A former ABC News consultant fired last year because he couldn't authenticate academic credentials is at the center of a new dispute over apparently faked interviews with Barack Obama, Nancy Pelosi, Bill Gates and others.
Politique Internationale editor and political scientist Patrick Wajsman founded the magazine nearly 30 years ago. He called Debat "a grand liar" and said he had hired a lawyer to pursue "all possible measures" against him.
"We are the first victims. I am falling from the moon," he told The AP. "We were betrayed."
He noted that Debat worked for the journal for four years, starting after he was already working for ABC and the Nixon Center. "How could we possibly doubt someone who worked for ABC, who worked for the Nixon Center? How could we possibly doubt someone from several thousand kilometers away?" he asked.
Maybe it's just me but I am thinking that if I had a reporter working for me who was just fired for making stuff up I might "possibly doubt" them.
The New York Times has more:
ABC News said yesterday that it would begin a second investigation into more than five years of news reports that relied on information from a consultant, Alexis Debat, who has been revealed to be the author of faked interviews.
ABC fired Mr. Debat in June after discovering that his claims of having earned a doctorate from the Sorbonne were false. The network then investigated the reports Mr. Debat had participated in and found “they absolutely checked out,” Mr. Ross said.
I wonder if they mean the same way the Scott Thomas Beauchamp reports checked out for "The New Republic"
But wait there's more:
Since his departure from ABC News in June, Mr. Debat has continued to work as a senior fellow for national security and terrorism at the Nixon Center in Washington. He was quoted as a knowledgeable source in an article in The Times of London this month, saying that American military forces were planning attacks that would demolish “the entire Iranian military.” He has also been quoted by many newspapers and news services.

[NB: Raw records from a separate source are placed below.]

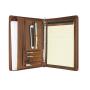 Custom Zipper Padfolio Folder A4 Notebook Leather Cover Agenda Planner Leather Padfolio Organizer With 3 Ring Binder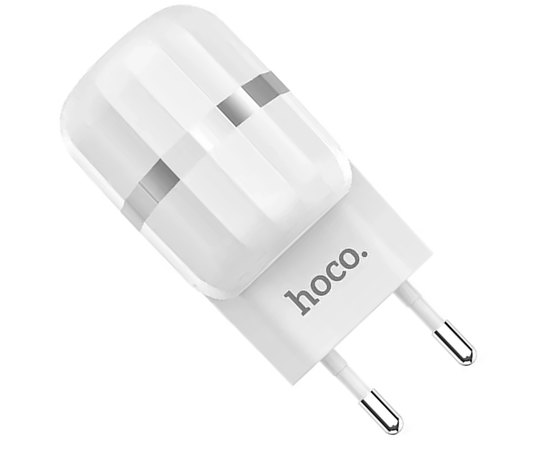 Зарядний пристрій Hoco Wisdom C41A 2USB, 2.4A White (000000121)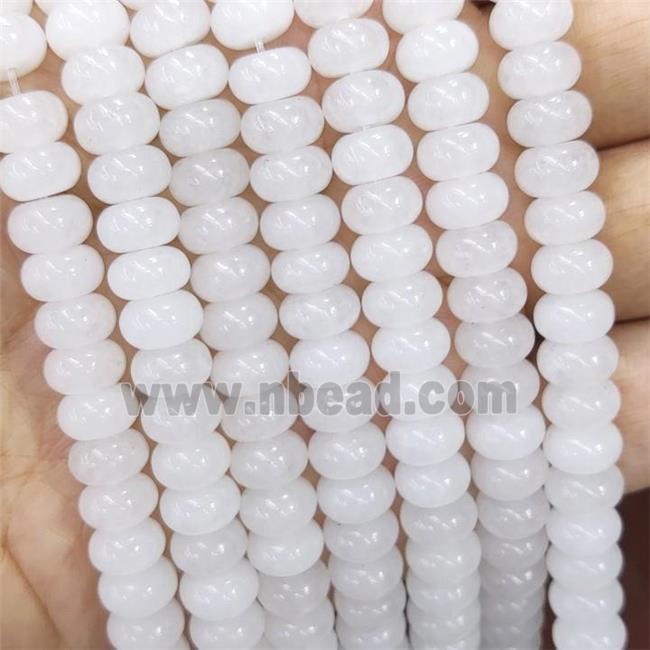 White Jade Beads Rondelle Smooth Dye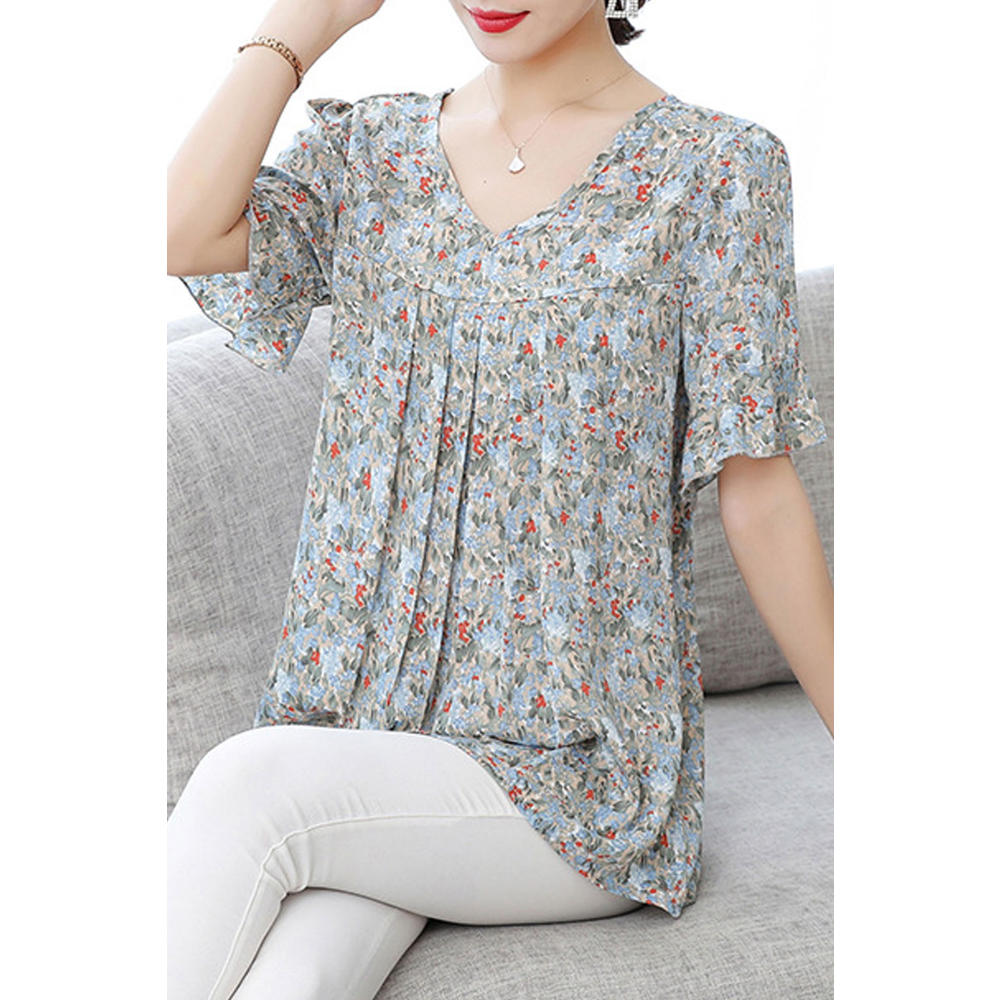 Zumeet Women Floral Short Sleeve Loose Comfortable Summer Shirt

So a major portion of the case that the Bush administration is getting ready to attack Iran is a known liar? Great!
I don't know what drives these people to do this stuff. Is it a desire for attention? I have trouble believing it is part of some Meta-Narrative but it does always seem to workout that way. Is that because the reporters who engage in this behavior are true believers or because they know that by playing into the editors biases they are more likeley to get published. Either way it's disturbing.
UpdateI should have done this first but I just checked Debat's wikipedia entry and this just gets better and better. Look at the credentials he has claimed for himself and look at the stories he has been involved in either as a source or as a reporter. It's like this guy is a one man disinformation agency.
More from Mother Jones
Interviews with journalists, think tank associates, and a former government official indicate that there were warning signs about Debat for years—even within the network itself. Two journalists familiar with Debat's work point to ABC chief investigative correspondent Brian Ross not only as the victim of Debat's alleged deceptions, but as an enabler, who has promoted sensational stories—including some that Debat brought the network—at the expense at times of rigorous journalism standards. (Ross did not return Mother Jones' phone call by press time, although an ABC executive has been in touch by phone and email.) They also say that they do not believe ABC has properly investigated Debat's reporting at all.

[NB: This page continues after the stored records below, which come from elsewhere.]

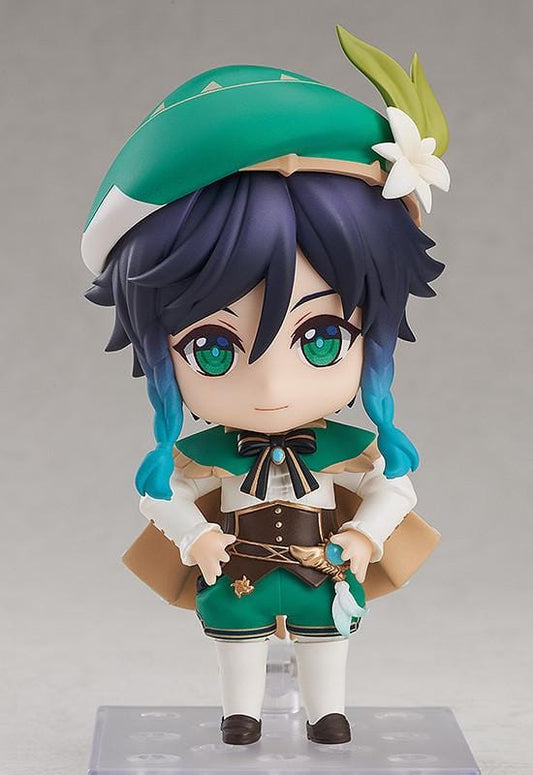 Genshin Impact Nendoroid Venti Figure Rerelease featuring Venti with green outfit, bard hat, braided teal hair accents, winking expression, and lyre accessory.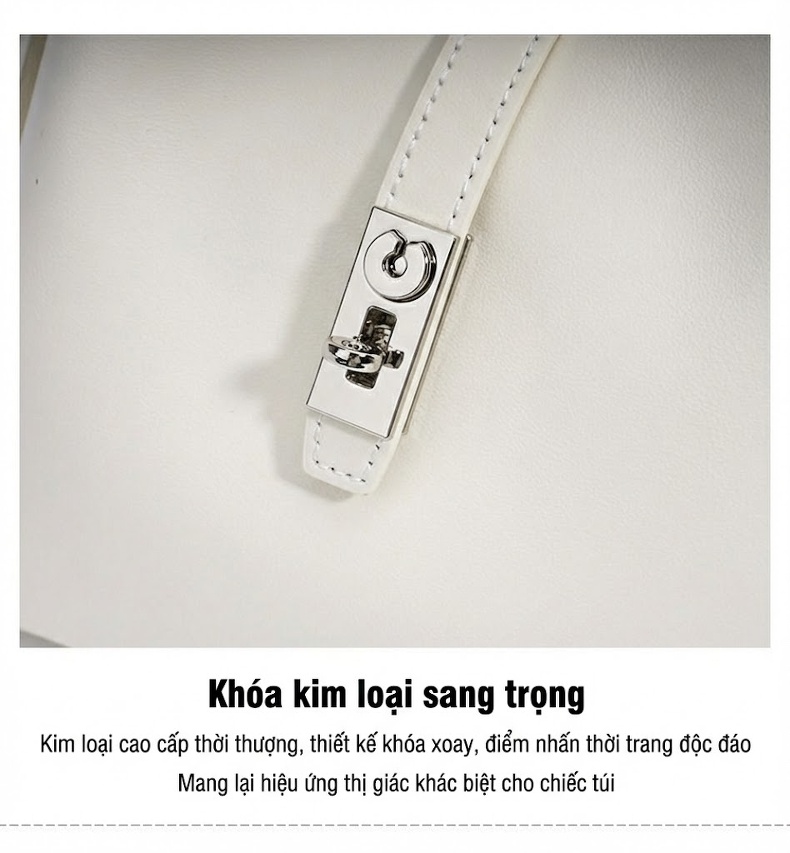 Túi Đeo Vai Nữ Da Bò Kiểu Dáng Tote Đeo Chéo Màu Nâu, Trắng, Đen, Xanh Olive chi tiết 8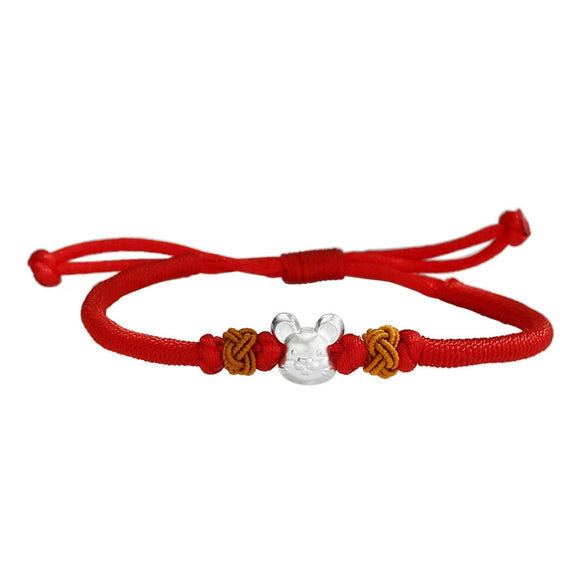 Women's S925 Sterling Silver Zodiac Rat Red Rope Bracelet Handwoven Animal Charm Bracelet With Electroplated Niche Design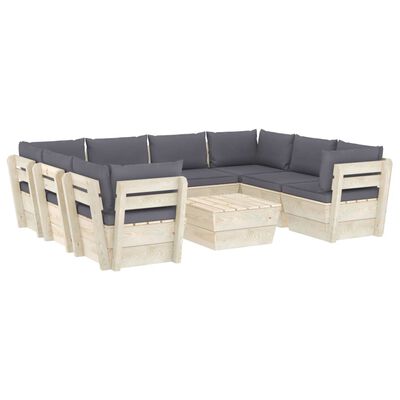 vidaXL 9 pcs conjunto lounge de paletes + almofadões madeira de abeto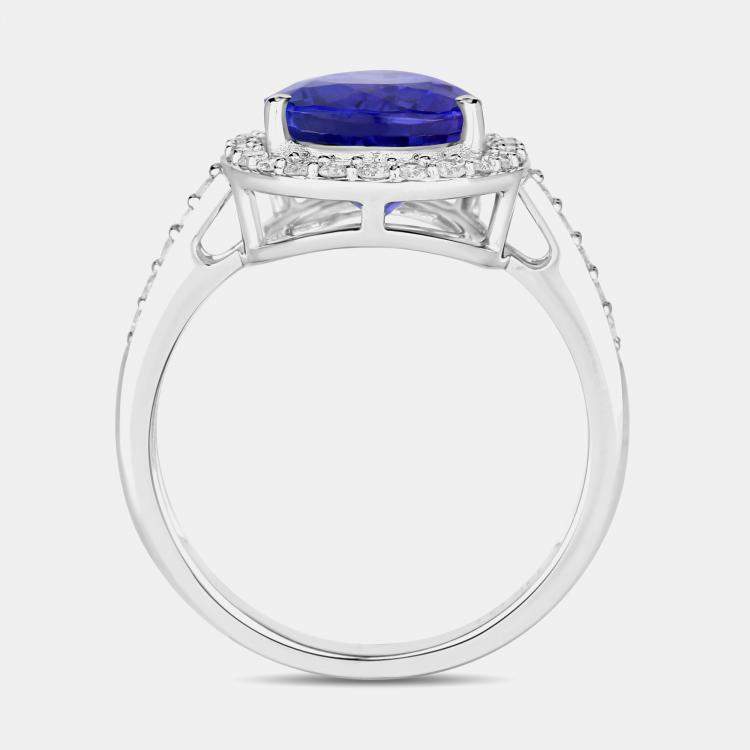 Pre Owned 4.06 cts Tanzanite and Diamond 14K White Gold Halo Ring US Size 7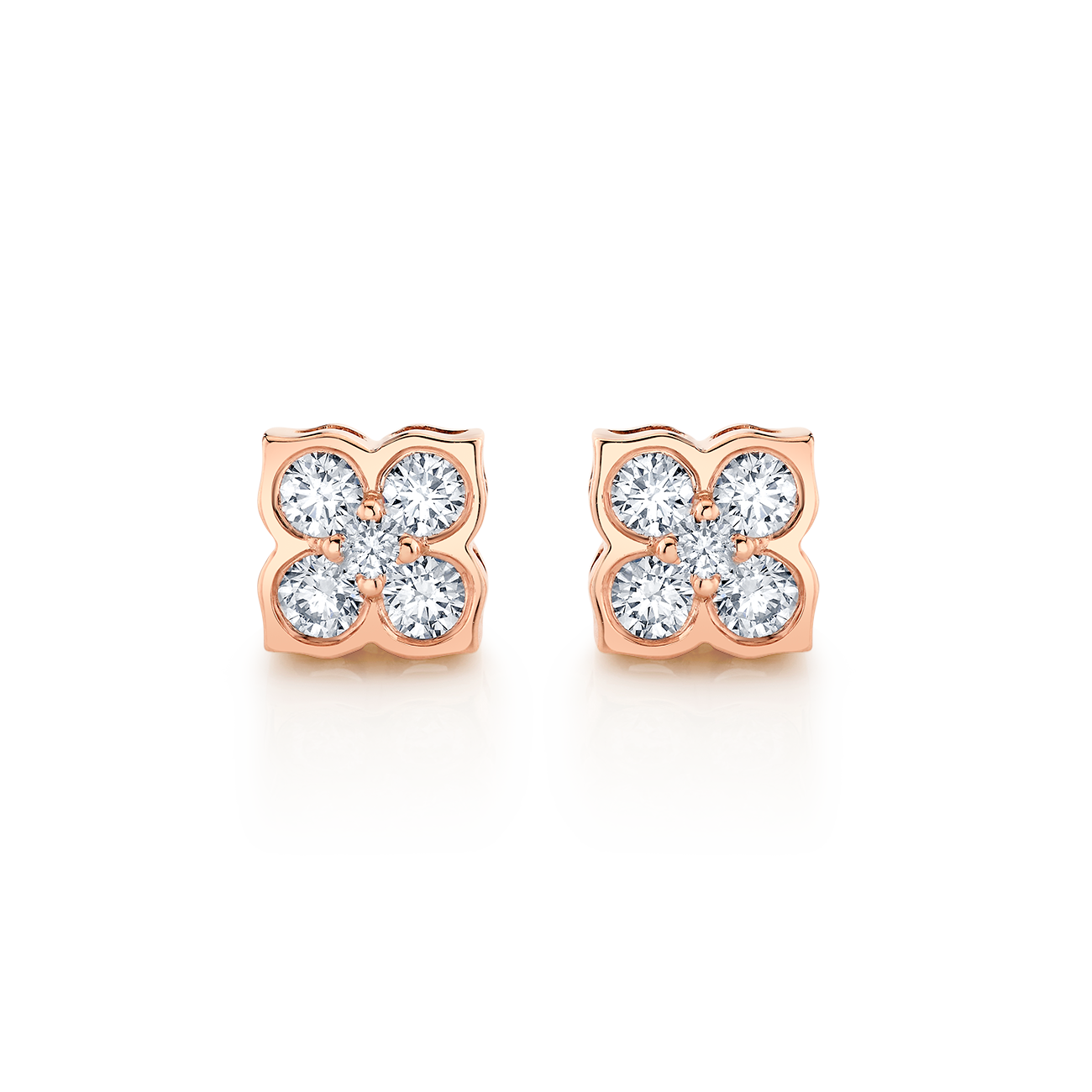 deBoulle Collection Pointed Floral Earrings in Rose Gold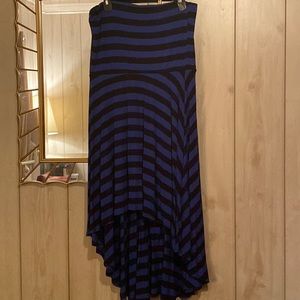 Black and blue high-low dress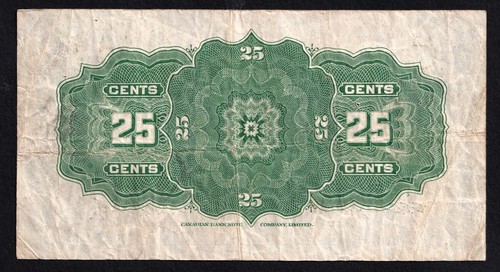 Dominion Of Canada 1923 25 Cent Shinplaster Banknote Campbell - Clark 660820 - 第 2/2 張圖片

The two key questions to ask ABC, one source familiar with Ross' unit who asked to speak on background, are: "How is ABC investigating the information: Is it only being investigated by the Ross unit, or are outside reporters doing it? And in vetting or second-sourcing information brought to the network [by Debat], were resources outside of the Ross unit used?" Sources, and the AP reported late Thursday that ABC was sending long time Ross producer Rhonda Schwartz to Pakistan to investigate some of Debat's stories.
Overall, the picture of Debat that emerges from these interviews is of a smart, ambitious and cunning operator who would claim to be getting text messages from Middle Eastern intelligence operatives while at meetings with Ross and others at ABC, with tips that seemed too good to be true (which some colleagues believe were bogus), yet were used as "exclusives."
Sources provided multiple examples of stories that Ross—often with Debat's contributions—reported, only to be forced to run a correction the next day. For instance, one source noted, on September 5 last year, Ross reported that a Pakistani general had said that Pakistan would leave Osama bin Laden alone as long as he didn't cause any trouble. The Pakistani government angrily denied it, and the next day the ABC investigative unit's blog, the Blotter ran a correction.
Another ABC news story largely sourced to Debat – claiming that the U.S. government was advising and encouraging an Iranian Baluchi separatist group Jundullah which was carrying out attacks against the Iranian regime – was followed by an ABC report the next day carrying a "sharply-worded" denunciation from the Pakistani government.